Physics students build machines in Rube Goldberg style
Dec. 6, 2012
Contact: Karen B. Eldridge, Director of Communications
They titled it “Back to Basics,” but the compound machine designed by three Maryville College students for a recent Rube Goldberg Machine Contest was a fairly elaborate device.
But with Rube Goldberg, that’s the whole idea.
The students, enrolled in Physics 201: General Physics, sent marbles on a journey that involved planes, dominoes, funnels, levers, pulleys and weights. The journey ended with the activation of a small panel of LED lights.
“We spent about four days constructing it,” explained C. Ryan Oaks ’15, a sophomore mathematics major from Sweetwater, Tenn. “We’re very happy with the results – happy that the lights worked.”
Oaks’ fellow teammates were J. Matthew Ridley ’15 and Carmina de Guia ’15. Four other teams of three students built compound machines in Rube Goldberg style, completing an assignment given to them by Maryville College physics instructor Irene Guerinot.
The “Dancing with Wolves” machine, assembled by Molley Welch ’15, Kayla Walker ’15 and Taylor Huskey ’15, ultimately extinguished a fire. “Santa’s Workshop,” the creation of Shawn Richards ’15, Erin Gray ’15 and Kendhyl Rodgers ’15, lowered Christmas presents, and video game character Mario falls to his “death” from the top of a flagpole in the “Super Goldberg Brothers” machine built by Sean Yoder ’15, W. Payne Fisher ’15 and Coty Willocks ’15.
Popping a balloon was the ultimate objective for the “Classroom Fun” machine created by Nick Perone ’14, Joe Brooks ’14 and Dakota Jenkins ’15.
“[The Rube Goldberg Machine Contest] is an incredibly useful exercise for students who are planning to become engineers,” Guerinot said. “It shows them the challenges and pitfalls of working with machines.”
Rube Goldberg was a Pulitzer Prize-winning cartoonist, sculptor and author. Despite his education as an engineer, he became best known for the crazy mechanisms illustrated in his cartoons.
“A Rube Goldberg contraption – an elaborate set of arms, wheels, gears, handles, cups and rods, put in motion by balls, canary cages, pails, boots, bathtubs, paddles and live animals – takes a simple task and makes it extraordinarily complicated,” reads the official Rube Goldberg website.
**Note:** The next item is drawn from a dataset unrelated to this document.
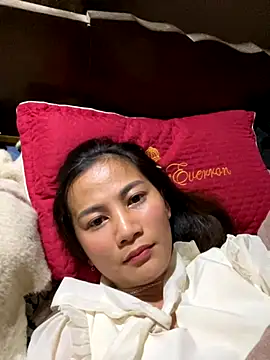 Snapshot of Miss-World00 chatting on 11/23/25, 12:42 Miss-World00 online show from 11/23/25, 12:42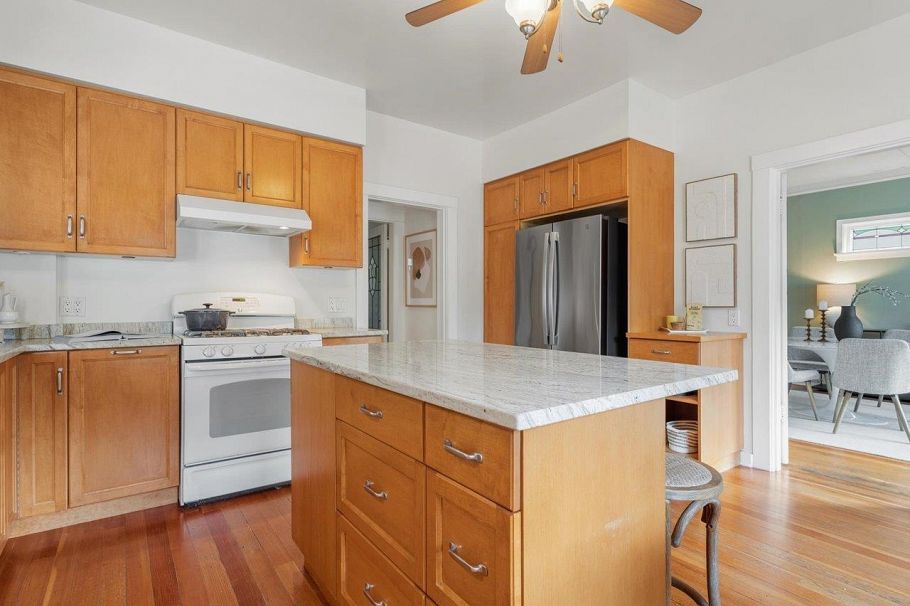308 E 23rd Avenue Vancouver, BC - 12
The machine contest bearing his name was first organized in 1949 by two engineering fraternities at Purdue University. Today, students at colleges, universities and high schools from around the country compete in the annual contest. An international online contest for children ages 11 to 14 was launched this year.
Past competitions have called for inventions that assemble a hamburger, mark and cast an election ballot, and sharpen a pencil.
Guerinot said this is the second year she has required her Maryville College physics students to work together to build a machine in Rube Goldberg style.
“I require that the finished projects have a minimum of four simple machines, and six steps or stages,” she explained. “And the machine has to work for a minimum of 10 seconds and maximum of five minutes.”
In addition to putting their machine to the test in the class, students are required to describe to their peers and instructor the applicable physics concepts.
Oaks and his teammates posted equations on their machine, signifying the concepts demonstrated along the way.
He said the “basics” in the name of their machine referred to a few basic equations that are foundational to understanding physics: potential and kinetic energy, transfer of energy and gravitational force, for example.
“I like to build things, but I don’t generally like group work,” Oaks said. “However, this assignment was very fun. I enjoyed it.”